C’était le 28 juin, un dimanche à la campagne, organisé par deux amis originaires du même village de l’Yonne. Toute la journée, une forte pluie était tombée sur la fête, mais on avait mangé, ri et bu, on était même allé se promener dans la boue du chantier du futur TGV qui allait passer non loin de là. A un moment j’avais improvisé un refrain sur ma guitare “Merci Bébert, merci Lucien / On se souviendra du 28 juin / Du 28 juin 80”, et l’assemblée l’avait repris en choeur.

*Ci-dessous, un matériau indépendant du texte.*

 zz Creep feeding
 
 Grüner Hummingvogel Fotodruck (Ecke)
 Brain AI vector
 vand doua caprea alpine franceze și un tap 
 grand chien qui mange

Bébert c’était Bertrand et Lucien s’appelait Jacques, mais comme Bertrand chantait tout le temps à Jacques la chanson de Piaf “Quelle chance que t’as d’avoir Lucien un bon copain comme moi”, tout le monde avait fini par l’appeler Lucien. C’étaient deux amis d’enfance, les meilleurs amis du monde. Un jour ils se sont brouillés, ne se sont jamais revus, la vie est parsemée de ruptures obscures et d’imprévisibles bifurcations, mais il reste cette journée, joyeuse et pluvieuse, dont on avait dit (pourquoi?) qu’on se souviendrait, et quand tant d’autres, moins lointaines, ont sombré dans l’oubli, celle-ci, trente ans plus tard, en effet on s’en souvient…

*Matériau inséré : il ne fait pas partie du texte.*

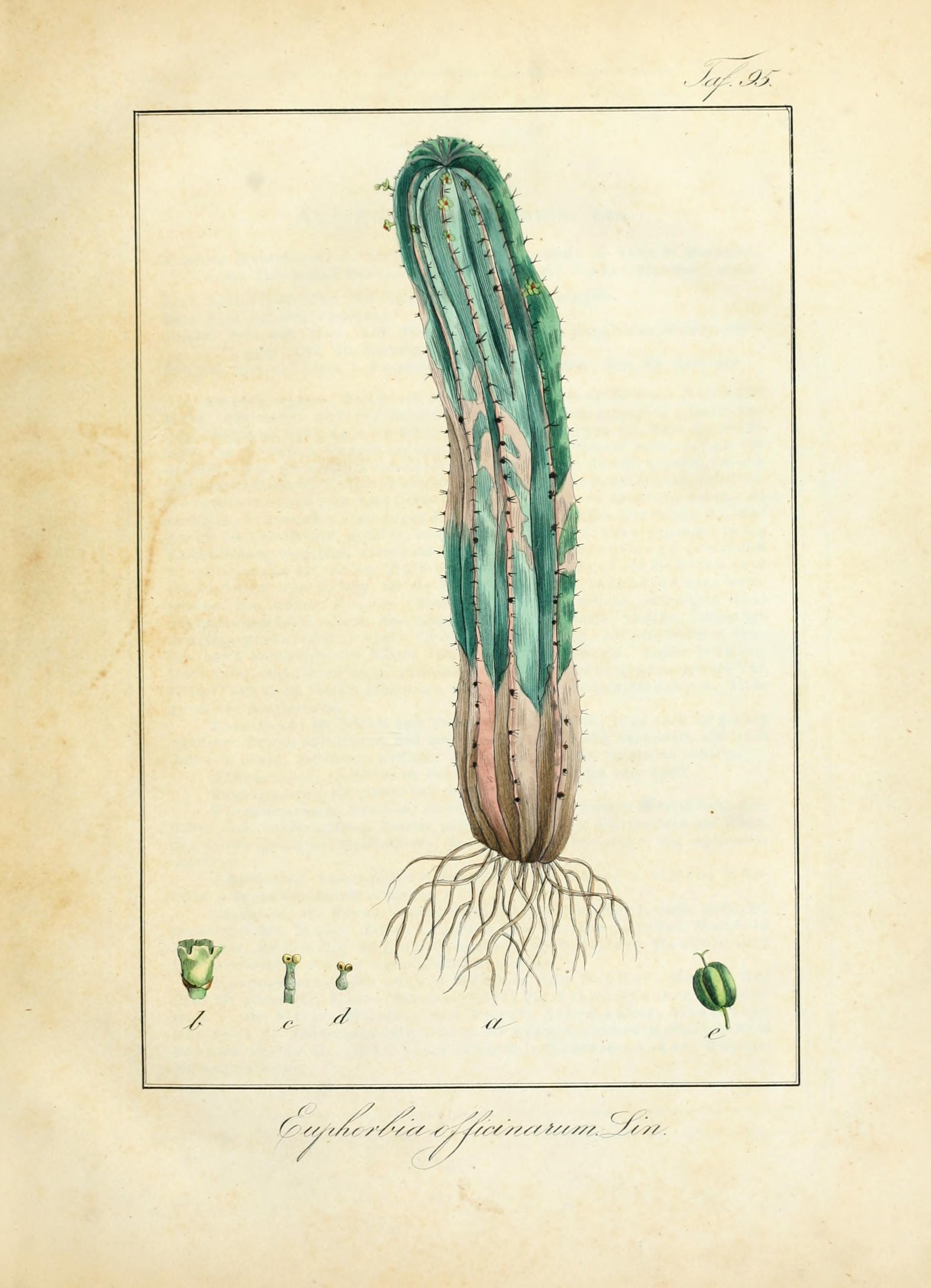 no full size  illustration available (3a)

C’est gai comme un vieux film des années 30, “La Belle Equipe” de Duvivier par exemple, quand Gabin chantait les promenades au bord de l’eau. C’est triste comme la chanson de Prévert, comme si en
ce 28 juin, dont je me suis surpris moi aussi à fredonner hier ton petit refrain, les feuilles mortes se ramassaient à la pelle…Celles de la jeunesse passée et des amitiés mortes.